# TASK INSTRUCTIONS
For the entries below, the expected answer is the line with "Acorn slipper hotsell socks", the line with "캘빈클라인 슬림핏 반팔 xs 상품이미지3", and every line between them, exactly as written, and nothing more.

--- AVAILABLE DATA Enclosed Below ---

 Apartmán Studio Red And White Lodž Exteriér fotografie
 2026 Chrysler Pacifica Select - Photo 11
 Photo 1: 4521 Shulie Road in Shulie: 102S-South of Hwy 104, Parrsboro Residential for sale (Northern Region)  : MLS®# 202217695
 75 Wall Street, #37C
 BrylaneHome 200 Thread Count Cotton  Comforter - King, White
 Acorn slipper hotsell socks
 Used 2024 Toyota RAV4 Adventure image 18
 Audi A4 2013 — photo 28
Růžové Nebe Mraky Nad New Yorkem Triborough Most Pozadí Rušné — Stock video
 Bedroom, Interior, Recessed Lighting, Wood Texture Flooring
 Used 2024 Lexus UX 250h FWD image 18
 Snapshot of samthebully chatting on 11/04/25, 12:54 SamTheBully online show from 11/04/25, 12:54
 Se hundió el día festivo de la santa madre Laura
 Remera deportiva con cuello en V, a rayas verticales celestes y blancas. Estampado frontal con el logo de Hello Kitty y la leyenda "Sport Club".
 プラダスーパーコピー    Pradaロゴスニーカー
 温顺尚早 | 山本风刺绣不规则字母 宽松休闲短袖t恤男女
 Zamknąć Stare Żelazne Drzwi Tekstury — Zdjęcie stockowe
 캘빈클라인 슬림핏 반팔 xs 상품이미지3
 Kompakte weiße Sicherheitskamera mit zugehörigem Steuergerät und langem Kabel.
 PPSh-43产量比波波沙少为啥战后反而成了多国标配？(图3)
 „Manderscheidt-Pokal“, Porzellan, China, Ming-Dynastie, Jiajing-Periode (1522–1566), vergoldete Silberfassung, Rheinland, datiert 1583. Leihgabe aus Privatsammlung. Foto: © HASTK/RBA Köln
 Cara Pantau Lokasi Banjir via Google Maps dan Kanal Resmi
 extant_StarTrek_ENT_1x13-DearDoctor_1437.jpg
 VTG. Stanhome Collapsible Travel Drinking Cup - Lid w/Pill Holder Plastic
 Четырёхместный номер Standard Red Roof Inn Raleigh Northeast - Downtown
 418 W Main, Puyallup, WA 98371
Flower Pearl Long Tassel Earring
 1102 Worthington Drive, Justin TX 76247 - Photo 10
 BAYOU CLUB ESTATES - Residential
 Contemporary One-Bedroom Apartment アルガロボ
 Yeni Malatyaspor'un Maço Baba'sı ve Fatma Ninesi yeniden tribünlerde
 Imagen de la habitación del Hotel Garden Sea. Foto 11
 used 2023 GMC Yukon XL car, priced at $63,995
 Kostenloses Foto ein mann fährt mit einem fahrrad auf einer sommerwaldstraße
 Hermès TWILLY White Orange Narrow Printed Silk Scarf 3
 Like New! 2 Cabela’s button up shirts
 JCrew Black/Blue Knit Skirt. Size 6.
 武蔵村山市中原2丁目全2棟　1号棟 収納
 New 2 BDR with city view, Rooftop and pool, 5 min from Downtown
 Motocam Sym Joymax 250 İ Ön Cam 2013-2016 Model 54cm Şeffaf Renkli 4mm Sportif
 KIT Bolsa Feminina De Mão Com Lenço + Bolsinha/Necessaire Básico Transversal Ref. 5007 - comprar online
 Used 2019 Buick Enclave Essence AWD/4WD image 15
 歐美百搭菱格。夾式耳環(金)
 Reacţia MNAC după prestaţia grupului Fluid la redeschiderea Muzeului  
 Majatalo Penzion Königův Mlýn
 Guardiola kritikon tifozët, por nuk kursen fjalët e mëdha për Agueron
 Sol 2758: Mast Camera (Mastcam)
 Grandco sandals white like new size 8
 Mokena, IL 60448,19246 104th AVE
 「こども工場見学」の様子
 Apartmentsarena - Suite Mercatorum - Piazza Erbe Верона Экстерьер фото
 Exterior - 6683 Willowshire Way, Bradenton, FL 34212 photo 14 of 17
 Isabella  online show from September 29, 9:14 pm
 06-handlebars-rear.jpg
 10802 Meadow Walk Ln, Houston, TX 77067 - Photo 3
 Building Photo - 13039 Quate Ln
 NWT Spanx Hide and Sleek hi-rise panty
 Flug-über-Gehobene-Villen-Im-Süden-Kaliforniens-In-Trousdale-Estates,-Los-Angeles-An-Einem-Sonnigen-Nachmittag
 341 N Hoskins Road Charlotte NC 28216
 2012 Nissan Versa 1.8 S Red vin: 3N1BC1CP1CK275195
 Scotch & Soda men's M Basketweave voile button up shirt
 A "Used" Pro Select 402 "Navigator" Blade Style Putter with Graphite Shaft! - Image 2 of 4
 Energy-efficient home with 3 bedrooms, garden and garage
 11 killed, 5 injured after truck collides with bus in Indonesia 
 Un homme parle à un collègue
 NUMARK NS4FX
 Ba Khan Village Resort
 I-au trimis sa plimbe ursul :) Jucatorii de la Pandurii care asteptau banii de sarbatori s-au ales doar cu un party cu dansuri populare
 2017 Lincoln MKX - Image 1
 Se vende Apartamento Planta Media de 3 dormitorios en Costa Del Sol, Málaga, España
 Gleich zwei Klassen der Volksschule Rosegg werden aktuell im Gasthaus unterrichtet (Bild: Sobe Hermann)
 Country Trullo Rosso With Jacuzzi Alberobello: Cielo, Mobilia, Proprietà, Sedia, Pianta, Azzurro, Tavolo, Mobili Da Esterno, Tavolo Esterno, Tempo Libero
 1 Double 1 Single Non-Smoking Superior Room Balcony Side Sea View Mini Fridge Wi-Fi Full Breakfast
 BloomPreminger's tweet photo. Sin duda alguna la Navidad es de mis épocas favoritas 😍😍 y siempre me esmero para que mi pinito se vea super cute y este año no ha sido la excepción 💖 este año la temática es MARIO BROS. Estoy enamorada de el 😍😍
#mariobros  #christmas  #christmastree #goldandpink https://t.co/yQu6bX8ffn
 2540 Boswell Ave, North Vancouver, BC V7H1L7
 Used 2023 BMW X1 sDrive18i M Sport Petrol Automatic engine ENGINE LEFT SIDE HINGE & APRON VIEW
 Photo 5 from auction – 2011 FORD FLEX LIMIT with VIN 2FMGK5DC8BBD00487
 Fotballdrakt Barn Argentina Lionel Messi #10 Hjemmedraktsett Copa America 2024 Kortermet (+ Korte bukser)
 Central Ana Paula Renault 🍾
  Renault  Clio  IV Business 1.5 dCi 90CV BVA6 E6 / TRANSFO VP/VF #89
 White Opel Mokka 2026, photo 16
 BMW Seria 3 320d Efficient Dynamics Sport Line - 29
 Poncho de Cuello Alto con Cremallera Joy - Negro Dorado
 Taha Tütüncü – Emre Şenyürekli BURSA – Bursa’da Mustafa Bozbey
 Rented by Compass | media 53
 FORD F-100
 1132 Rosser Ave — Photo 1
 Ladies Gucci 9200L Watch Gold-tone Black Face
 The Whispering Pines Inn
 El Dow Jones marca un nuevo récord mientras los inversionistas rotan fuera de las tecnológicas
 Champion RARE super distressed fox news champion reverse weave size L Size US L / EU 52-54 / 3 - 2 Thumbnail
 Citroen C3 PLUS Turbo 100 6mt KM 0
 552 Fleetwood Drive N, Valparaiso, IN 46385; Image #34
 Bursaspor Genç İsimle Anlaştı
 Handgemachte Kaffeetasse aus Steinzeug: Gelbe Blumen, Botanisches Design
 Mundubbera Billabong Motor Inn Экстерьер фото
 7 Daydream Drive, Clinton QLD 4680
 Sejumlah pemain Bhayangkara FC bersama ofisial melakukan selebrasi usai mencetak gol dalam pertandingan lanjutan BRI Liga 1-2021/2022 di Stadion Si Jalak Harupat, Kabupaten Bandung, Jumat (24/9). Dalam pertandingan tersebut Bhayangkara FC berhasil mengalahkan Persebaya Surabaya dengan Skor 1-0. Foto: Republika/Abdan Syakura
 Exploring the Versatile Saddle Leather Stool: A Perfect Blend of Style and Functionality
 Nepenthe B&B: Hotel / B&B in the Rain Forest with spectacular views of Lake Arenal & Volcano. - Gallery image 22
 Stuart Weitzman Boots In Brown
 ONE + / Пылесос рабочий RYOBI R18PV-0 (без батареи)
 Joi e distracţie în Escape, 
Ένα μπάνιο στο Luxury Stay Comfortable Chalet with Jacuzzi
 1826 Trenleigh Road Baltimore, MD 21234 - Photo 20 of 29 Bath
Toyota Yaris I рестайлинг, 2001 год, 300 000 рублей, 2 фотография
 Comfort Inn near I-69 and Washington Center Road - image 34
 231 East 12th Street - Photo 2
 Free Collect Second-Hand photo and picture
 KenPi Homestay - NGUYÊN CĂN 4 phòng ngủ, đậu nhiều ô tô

--- End of Enclosed AVAILABLE DATA ---

# REPLY
 Acorn slipper hotsell socks
 Used 2024 Toyota RAV4 Adventure image 18
 Audi A4 2013 — photo 28
Růžové Nebe Mraky Nad New Yorkem Triborough Most Pozadí Rušné — Stock video
 Bedroom, Interior, Recessed Lighting, Wood Texture Flooring
 Used 2024 Lexus UX 250h FWD image 18
 Snapshot of samthebully chatting on 11/04/25, 12:54 SamTheBully online show from 11/04/25, 12:54
 Se hundió el día festivo de la santa madre Laura
 Remera deportiva con cuello en V, a rayas verticales celestes y blancas. Estampado frontal con el logo de Hello Kitty y la leyenda "Sport Club".
 プラダスーパーコピー    Pradaロゴスニーカー
 温顺尚早 | 山本风刺绣不规则字母 宽松休闲短袖t恤男女
 Zamknąć Stare Żelazne Drzwi Tekstury — Zdjęcie stockowe
 캘빈클라인 슬림핏 반팔 xs 상품이미지3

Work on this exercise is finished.